In a letter to Senate leaders, Attorney General John Ashcroft said the changes contemplated by the Security and Freedom Ensured Act, or SAFE, would “undermine our ongoing campaign to detect and prevent catastrophic terrorist attacks.”
If the bill reaches President Bush’s desk in its current form, Ashcroft said, “the president’s senior advisers will recommend that it be vetoed.”
The threat comes a week after Bush, in his State of the Union address, called for Congress to reauthorize the Patriot Act before it expires in 2005. The law, which was passed shortly after the Sept. 11, 2001, terrorist attacks, expanded the government’s wiretap and other surveillance authority, removed barriers between FBI and CIA information-sharing and provided more tools for terror finance investigations.
Civil liberties groups and some lawmakers, including Republicans, believe the act goes too far and endangers the privacy of innocent citizens.
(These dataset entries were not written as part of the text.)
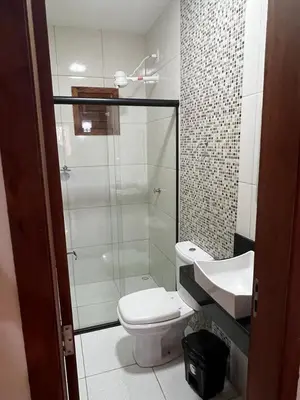 Uma casa de banho em Chalé Guaramiranga-CE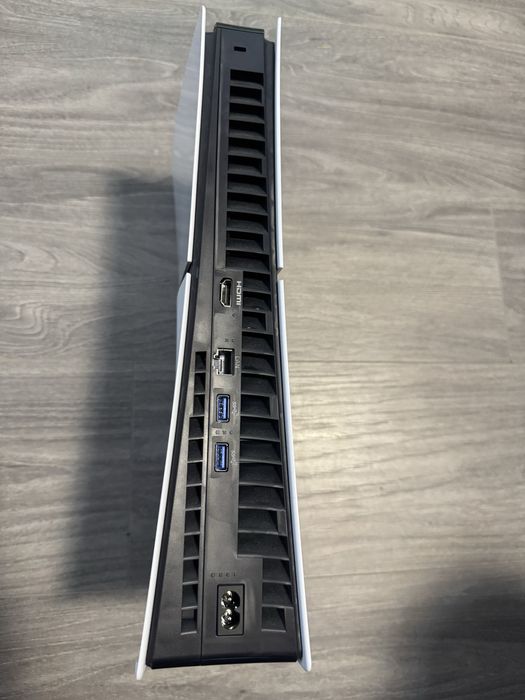 Playstation 5 Slim, Digital Edition, 1TB SSD + 2 контролера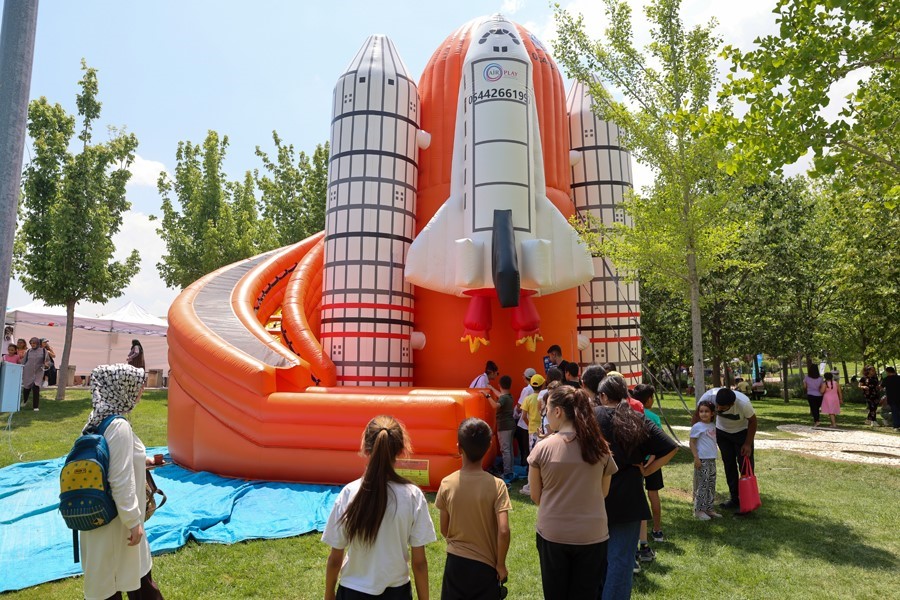 &Ccedil;ocuklar Yaza Merhaba Karne Şenliği&rsquo;nde doyasıya eğlendi
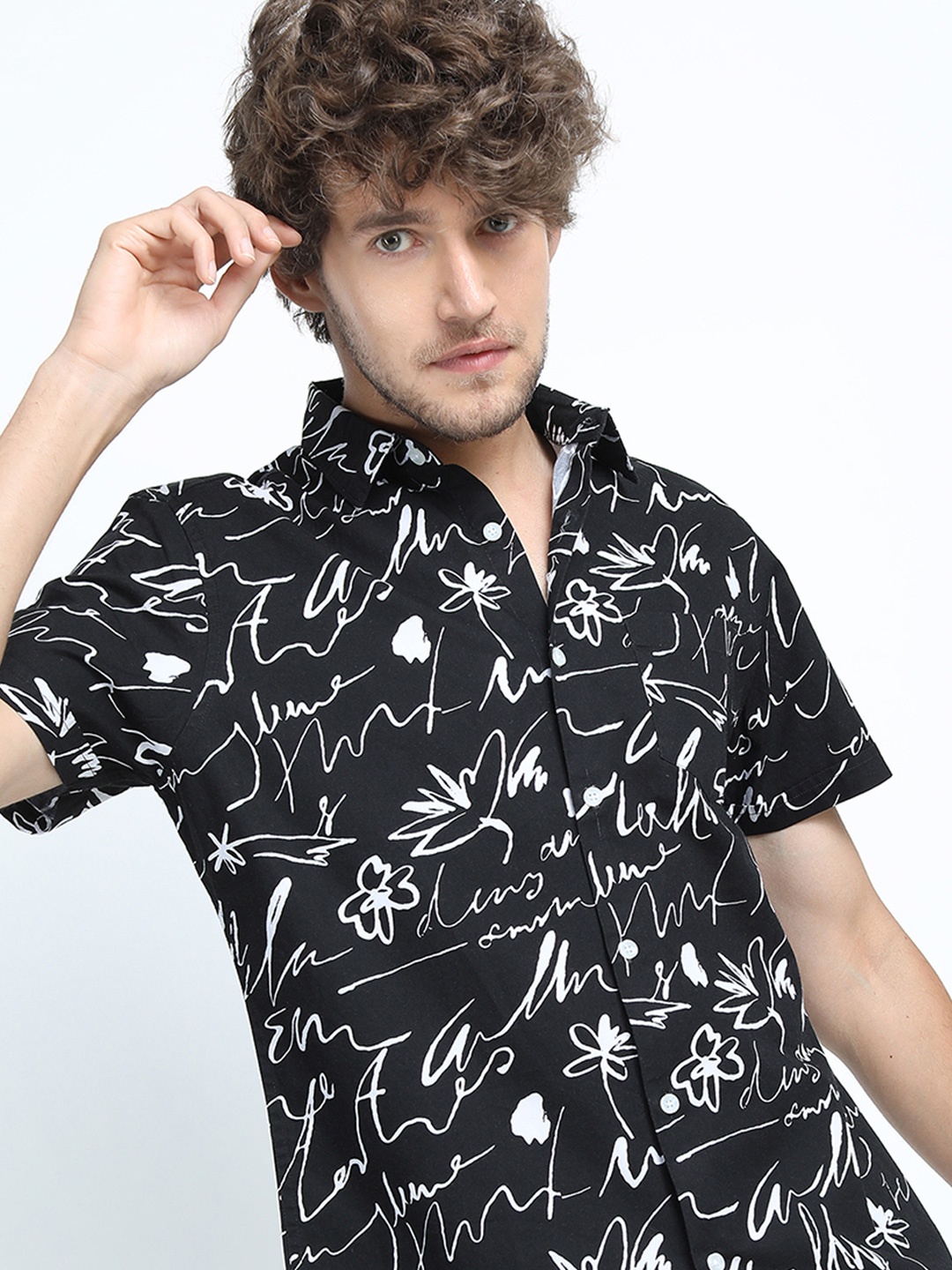 

HIGHLANDER Men Slim Fit Printed Shirt, Black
‘Sneak and peek’ warrants criticized
The SAFE Act, which has not yet had a hearing in either the House or the Senate, was introduced last fall by Sens. Larry Craig, R-Idaho, and Dick Durbin, D-Ill., and other lawmakers of both parties.
In a statement at the time, Craig said the bill was a “measured” response to concerns that the Patriot Act threatened civil liberties and privacy rights.
“This legislation intends to ensure the liberties of law-abiding individuals are protected in our nation’s fight against terrorism, without in any way impeding that fight,” Craig said.
The bill would modify so-called “sneak and peek” search warrants that allow for delayed notification of the target of the search. In addition, warrants for roving wiretaps used to monitor a suspect’s multiple cellular telephones would have to make sure the target was present at the site being wiretapped before information could be collected.
The legislation also would reinstate standards in place before the Patriot Act was passed regarding library records by forcing the FBI to show that it had reason to believe that the person involved was a suspected terrorist or spy. In addition, the bill would impose expiration dates on nationwide search warrants and other provisions of the Patriot Act, providing for congressional review.
Ashcroft, who last year embarked on a national speaking tour in support of the Patriot Act, said the legislation would “make it even more difficult to mount an effective anti-terror campaign than it was before the Patriot Act was passed.”